**DATA SECTION:**
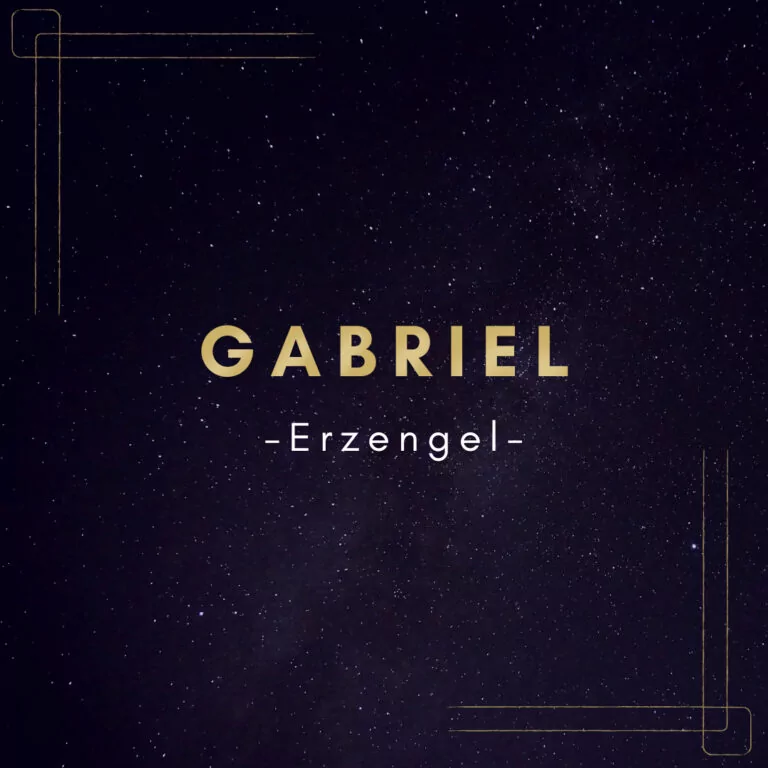 Text mit der Beschriftung "Erzengel Gabriel". Symbolbild für einen Erzengel-Artikel.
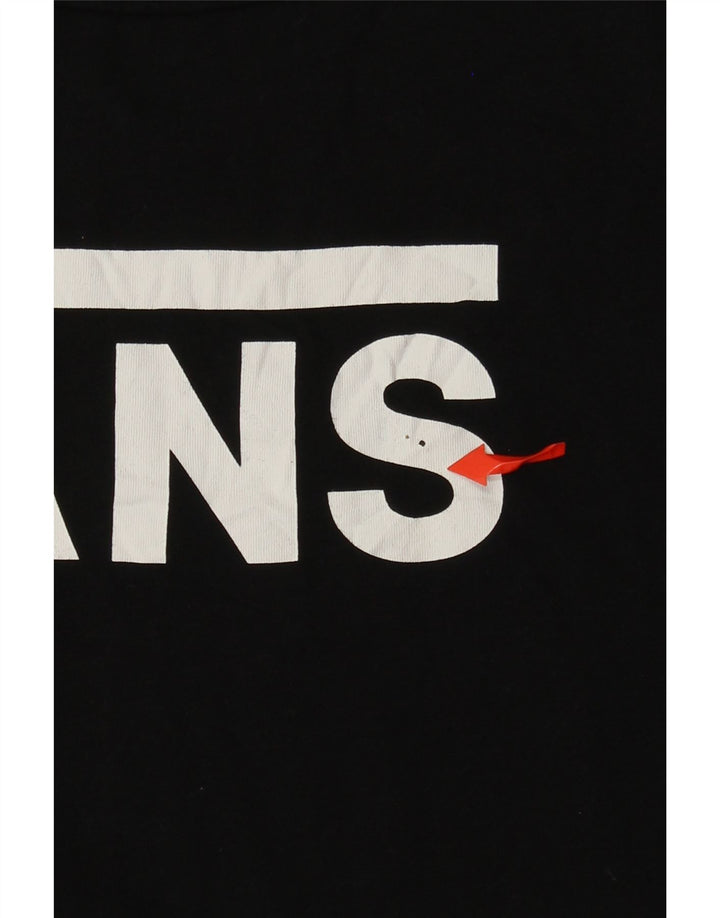 VANS Damen Graphic T-Shirt Top UK 12 Medium Schwarz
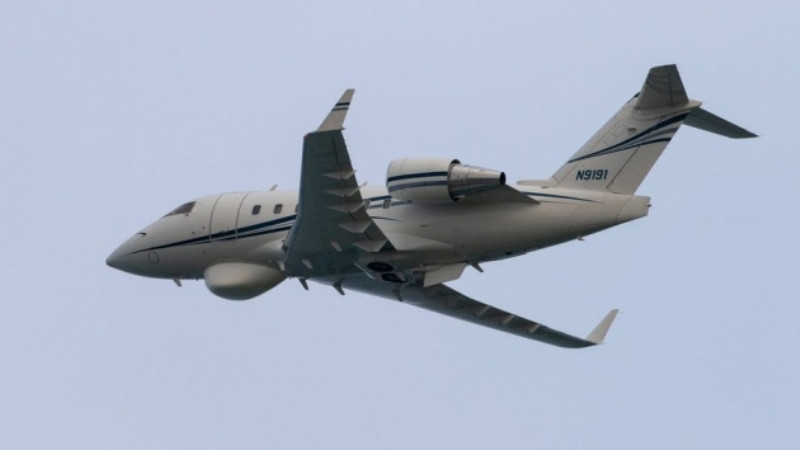 Máy bay trinh sát quân sự Mỹ Bombardier Challenger 650 ARTEMIS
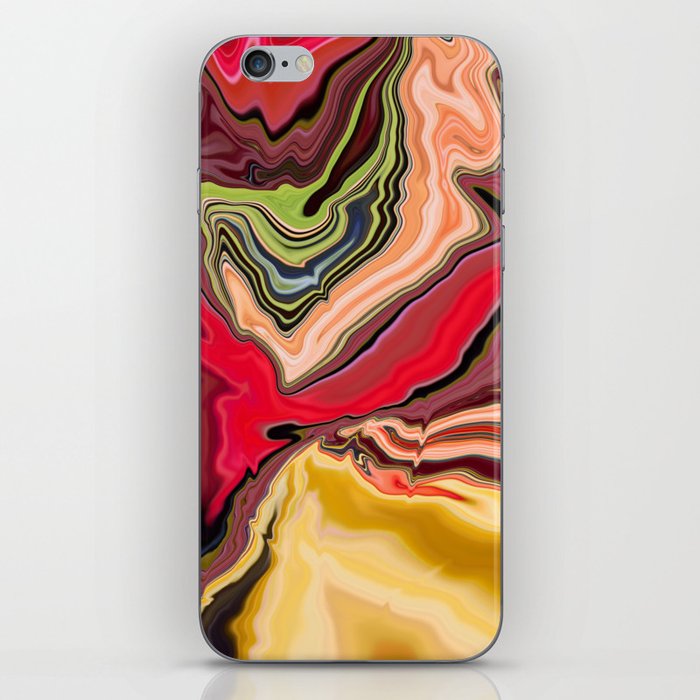 Wave of sharpness iPhone Skin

**HOW TO COMPLETE THIS TASK:**
Beginning at the line with "VANS Damen Graphic" and ending at the last line of the listing above, retype each line exactly, including those two lines. Leave the pictures out.

**TASK SOLUTION:**
 VANS Damen Graphic T-Shirt Top UK 12 Medium Schwarz
 Máy bay trinh sát quân sự Mỹ Bombardier Challenger 650 ARTEMIS
 Wave of sharpness iPhone Skin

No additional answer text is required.